- _Aim of the exercise_
Here the job is to transcribe only the lines from the one containing "If you don't" through the last line below, exactly as written; please leave out pictures.

- _Data block_
------------------------
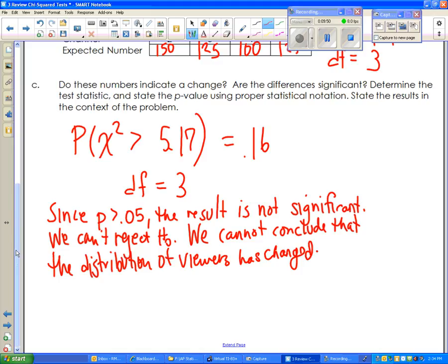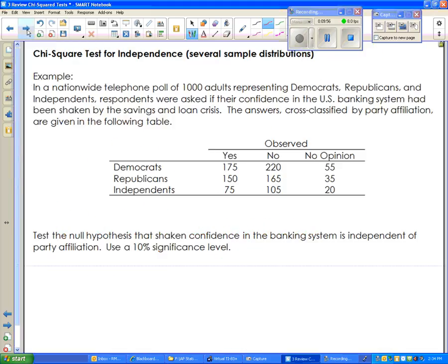That's the chi-square test for goodness of fit. The next problem is a little different because you're given a two-way table. There are two scenarios: a two-way table could involve two different groups and two variables — that's a test for homogeneity — or it could be one group measured using two different variables, which is a test for independence. Either way you use the exact same steps, so it's not a huge deal.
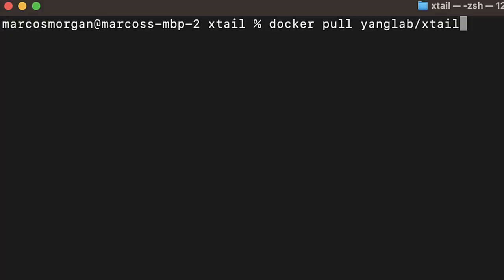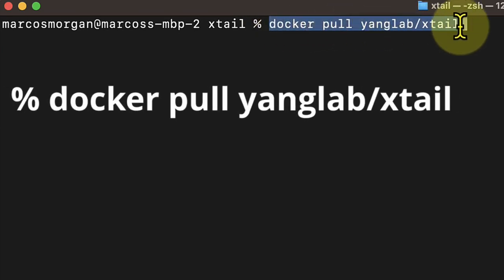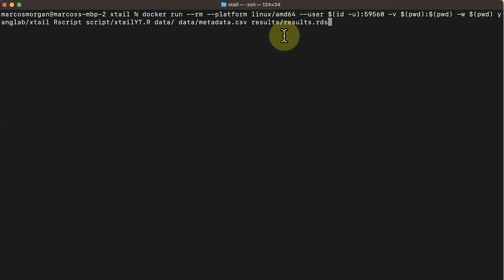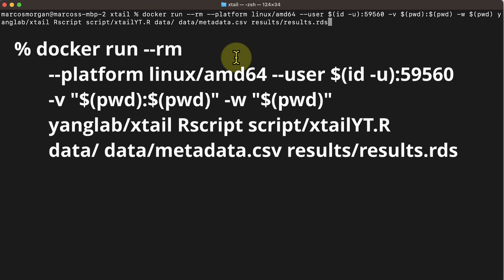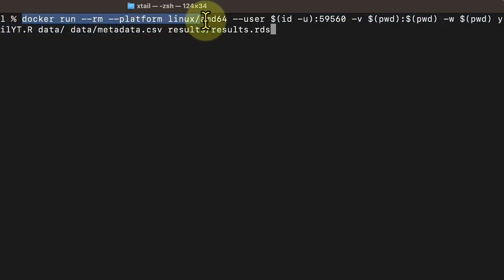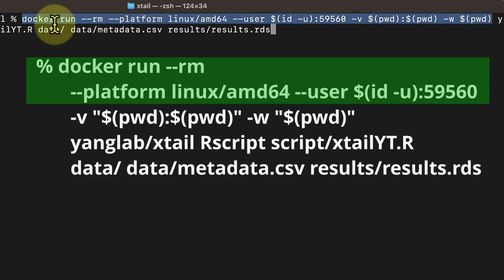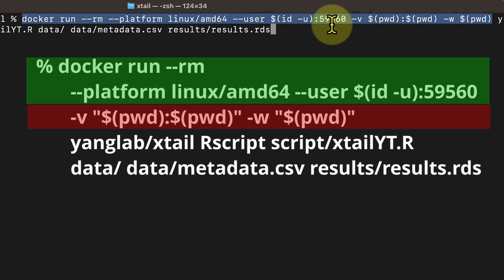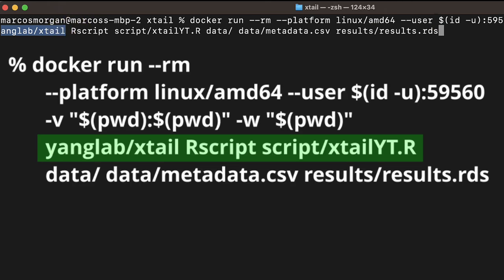If you don't know what Docker is, don't worry — I'll show you how easy it is to use. You won't have to deal with installing dependencies and so on. The first thing you need to do is install Docker, and then download the XTail library using a Docker pull command. I've already done this, so we move to the next step: launching the script using a Docker image. Here we have some parameters that first call Docker and then ask to mount the directories we are using.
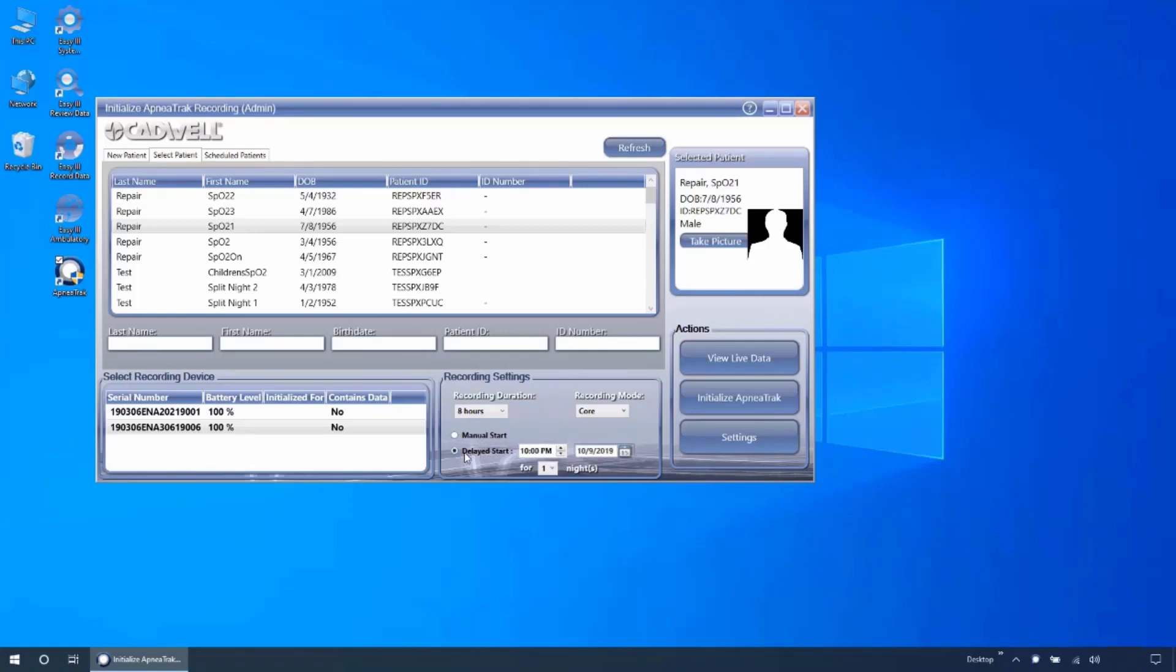Delayed start allows you to configure the time the device will start the recording. In this mode, the device cannot be started by using the button until after the recording has been completed. You can use the arrows or type into the field to set the time to start the recording.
------------------------
- _Reply_
If you don't know what Docker is, don't worry — I'll show you how easy it is to use. You won't have to deal with installing dependencies and so on. The first thing you need to do is install Docker, and then download the XTail library using a Docker pull command. I've already done this, so we move to the next step: launching the script using a Docker image. Here we have some parameters that first call Docker and then ask to mount the directories we are using.
Delayed start allows you to configure the time the device will start the recording. In this mode, the device cannot be started by using the button until after the recording has been completed. You can use the arrows or type into the field to set the time to start the recording.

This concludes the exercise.